Harbeck v. Smith

Decision Date30 August 2011
Docket NumberCivil Action No. 4:10cv140.
Citation814 F.Supp.2d 608
CourtU.S. District Court — Eastern District of Virginia
PartiesRachel Iris HARBECK, Plaintiff, v. Linda Batchelor SMITH, and Michele Winston, and William Boyle, Esquire, Defendants.

OPINION TEXT STARTS HERE

Kevin Peter Shea, Christina Elise James, Kevin P. Shea Attorneys & Counselors at Law, Bradford Carter Windley Phillips, B. Carter Phillips, Hampton, VA, for Plaintiff.

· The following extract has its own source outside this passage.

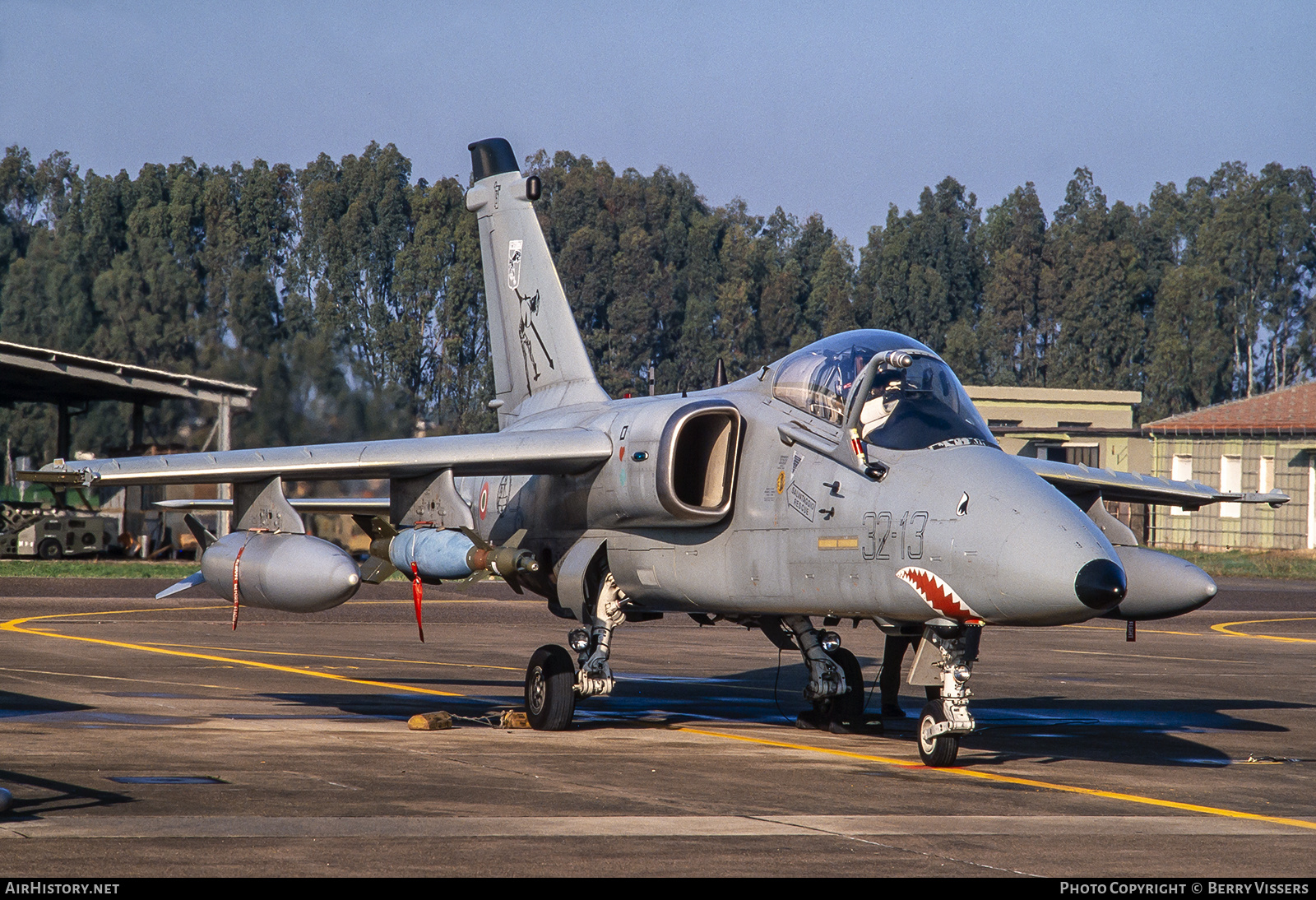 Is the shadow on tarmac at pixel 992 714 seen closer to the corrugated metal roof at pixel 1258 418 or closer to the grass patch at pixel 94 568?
the grass patch at pixel 94 568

S. Lawrence Dumville, Norris & St. Clair P.C., Virginia Beach, VA, Christy Warrington Monolo, Office of the Attorney General, Richmond, VA, for Defendants.

OPINION AND ORDER

MARK S. DAVIS, District Judge.

This matter is before the Court on motions to dismiss filed by William Boyle (Boyle), Linda B. Smith (Smith), and Michele Winston (“Winston,” and collectively Defendants), requesting the Court dismiss Rachel Harbeck's (“Harbeck” or Plaintiff) Second Amended Complaint 1 pursuant to Rule 12(b)(6) of the Federal Rules of Civil Procedure. On June 8, 2011, the Court held oral argument on motions to dismiss Plaintiff's original Complaint, as well as on Plaintiff's motion for leave to amend her original Complaint. The Court granted Plaintiff's request for leave, Plaintiff filed her Second Amended Complaint, and Defendants responded by filing the motions to dismiss noted above. After examining those motions, the associated briefs, the Second Amended Complaint, and the points raised during oral argument, for the reasons set forth below, the Court GRANTS Boyle's motion to dismiss. As to Smith and Winston, the Court GRANTS IN PART AND DENIES IN PART each of their motions to dismiss.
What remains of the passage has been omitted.